Presiden Jokowi beberapa waktu lalu menyampaikan rencana pelarangan rokok ketengan, bermaksud untuk melindungi keluarga miskin Indonesia yang masih banyak membeli rokok daripada membeli makanan bergizi. Yayasan Lembaga Konsumen Indonesia (YLKI) mengapresiasi hal tersebut dan mengatakan, larangan tersebut bisa mengikis tingginya prevalensi kemiskinan dan stunting.

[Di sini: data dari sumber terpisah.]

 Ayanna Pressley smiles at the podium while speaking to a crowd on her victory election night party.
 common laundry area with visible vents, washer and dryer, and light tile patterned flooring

“Sangat signifikan kalau larangan rokok ketengan itu dilakukan, maka akan mengikis dua hal yakni prevalensi tingginya kemiskinan dan stunting,” kata Ketua pengurus harian Yayasan Lembaga Konsumen Indonesia (YLKI) Tulus Abadi, saat konferensi pers virtual yang diadakan oleh Komnas Pengendalian Tembakau, Jumat, 3 Februari 2022.
Dia meminta Presiden Joko Widodo untuk lebih tegas atas rencana larangan penjualan rokok ketengan itu. Karena konsumsi di rumah tangga miskin yang seharusnya untuk kebutuhan gizi justru dialokasikan untuk membeli rokok.

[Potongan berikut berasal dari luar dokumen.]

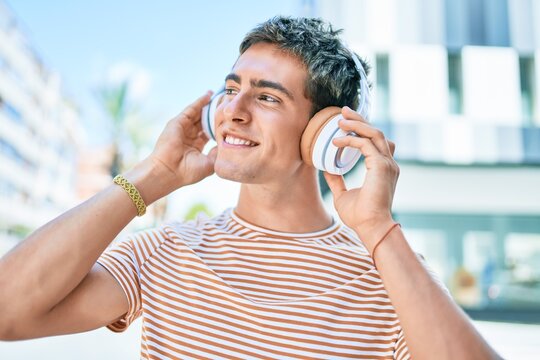 Young handsome caucasian man smiling happy listening to music using headphones walking at city.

“Kalau presiden langsung concern masalah stunting, seharusnya itu bisa menjadi upaya mengurangi prevalensi stunting yang kini mencapai 24 persen lebih.” ujar Tulus.

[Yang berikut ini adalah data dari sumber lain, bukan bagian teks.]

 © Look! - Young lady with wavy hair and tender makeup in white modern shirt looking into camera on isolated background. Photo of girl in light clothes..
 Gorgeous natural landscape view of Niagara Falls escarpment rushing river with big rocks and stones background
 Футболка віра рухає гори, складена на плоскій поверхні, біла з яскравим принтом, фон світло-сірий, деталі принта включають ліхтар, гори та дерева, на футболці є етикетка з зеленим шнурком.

Tulus mengatakan, rumah tangga miskin mayoritas pengguna BPJS, sehingga presiden harus berani menyatakan peserta Penerima Bantuan Iuran atau PBI tidak boleh ada yang merokok, “Kalau ada yang merokok, harus bisa direview keanggotaanya sebagai PBI. Di satu sisi, dia meminta hak JKN-nya, tapi di sisi lain dia habiskan uang untuk rokok,” kata Tulus seraya mencontohkan, kalau sebungkus Rp 20 ribu berarti satu bulan Rp 600 ribu untuk konsumsi rokok. Itu jauh lebih tinggi dari subsidi PBI yang diberikan.
Pihaknya akan terus mendukung kebiakan larangan penjualan rokok ketengan ini. Dia berharap juga agar Presiden tidak memberikan harapan palsu kepada masyarakat Indonesia.
“Persoalan konsumsi rokok yang dipicu penjualan ketengan itu sudah menjadi persoalan sosial ekonomi harusnya diberikan kebijakan yang konkrit khususnya untuk melindungi rakyat miskin dan untuk menekan tingginya prevalensi stunting anak Indonesia,” tutup Tulus.